Appointment of Broker 

Further to the above, Capital Plus Partners Limited has been appointed as sole broker to the Company. 

Admission and Total Voting Rights 

Application will be made to the London Stock Exchange for the 2,250,000,000 New Ordinary Shares to be admitted to trading on AIM (“Admission”). It is expected that Admission will become effective and dealings in the Placing Shares will commence at 8.00 a.m. on 7 May 2026. 

Following Admission, the Company's issued ordinary share capital will consist of 4,805,940,064 ordinary shares of 0.001p each, with one voting right per share. No ordinary shares will be held in treasury. The total number of voting rights in the Company following Admission will therefore be 4,805,940,064, being the figure that may be used by shareholders as the denominator for the calculations by which they will determine if they are required to notify their interest in, or a change to their interest in, the Company under the FCA's Disclosure Guidance and Transparency Rules. 

The Placing is conditional upon Admission becoming effective. 

Regarding the Placing, Executive Director, Randall J. Connally, stated: 

“The Midcon Acquisition previously announced is the cornerstone to rebuild ADM that the Company has been working to secure, the placing today makes it possible for the Company to realize maximum benefit from the revenue, cash flow and upside of the Midcon Acquisition”. 
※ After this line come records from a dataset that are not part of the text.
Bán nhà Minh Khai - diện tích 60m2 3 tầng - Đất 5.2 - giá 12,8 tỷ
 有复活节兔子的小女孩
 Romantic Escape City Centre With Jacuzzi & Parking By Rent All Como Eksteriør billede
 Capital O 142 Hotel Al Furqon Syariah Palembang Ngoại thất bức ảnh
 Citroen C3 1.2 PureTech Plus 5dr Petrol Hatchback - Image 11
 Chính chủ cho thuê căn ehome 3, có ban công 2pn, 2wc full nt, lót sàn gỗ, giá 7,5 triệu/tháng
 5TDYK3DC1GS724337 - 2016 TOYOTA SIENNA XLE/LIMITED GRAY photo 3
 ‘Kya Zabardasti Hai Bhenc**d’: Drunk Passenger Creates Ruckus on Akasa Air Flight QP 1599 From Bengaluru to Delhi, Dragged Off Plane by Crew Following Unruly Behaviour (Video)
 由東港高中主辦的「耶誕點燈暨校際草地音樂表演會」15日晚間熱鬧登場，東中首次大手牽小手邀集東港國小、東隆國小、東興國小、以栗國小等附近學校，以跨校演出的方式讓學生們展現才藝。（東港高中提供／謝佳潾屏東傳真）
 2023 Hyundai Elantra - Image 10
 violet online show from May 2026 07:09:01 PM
Market Abuse Regulation (MAR) Disclosure 

The information contained within this announcement is deemed by the Company to constitute inside information as stipulated under the Market Abuse Regulations (EU) No. 596/2014 as it forms part of UK domestic law by virtue of the European Union (Withdrawal) Act 2018 ('MAR'). Upon the publication of this announcement via Regulatory Information Service ('RIS'), this inside information is now considered to be in the public domain. 

Enquiries: 

ADM Energy plc  +1 214 675 7579 
Randall Connally, Executive Director 
www.admenergyplc.com
Cairn Energy Financial Advisers LLP  +44 (0) 20 7213 0880 
(Nominated Adviser) 
Jo Turner, Liam Murray 

Capital Plus Partners Limited 

(Broker)

Jonathan Critchley      

+44 (0) 20 7432 0501 

About ADM Energy PLC 

ADM Energy PLC (AIM: ADME; BER and FSE: P4JC) is a natural resources investing company with investments including a 100.0% ownership interest in Vega Oil and Gas, LLC; a 60% economic interest in Eco Oil; a 42% economic interest in OFX Technologies, LLC (www.ofxtechnologies.com); a 10% asset interest in Vega Upstream JV, a business established to identify and coordinate investment opportunities in US onshore oil and gas assets; and a 9.2% profit interest in the Aje Field, part of OML 113, which covers an area of 835km² offshore Nigeria. Aje has multiple oil, gas, and gas condensate reservoirs in the Turonian, Cenomanian and Albian sandstones with five wells drilled to date.    

Forward Looking Statements 

Certain statements in this announcement are, or may be deemed to be, forward-looking statements. Forward looking statements are identified by their use of terms and phrases such as "believe", "could", "should", "envisage'', "estimate", "intend", "may", "plan", "potentially", "expect", "will" or the negative of those, variations or comparable expressions, including references to assumptions. These forward-looking statements are not based on historical facts but rather on the Directors' current expectations and assumptions regarding the Company's future growth, results of operations, performance, future capital and other expenditures (including the amount, nature and sources of funding thereof), competitive advantages, business prospects and opportunities. Such forward-looking statements reflect the Directors' current beliefs and assumptions and are based on information currently available to the Directors.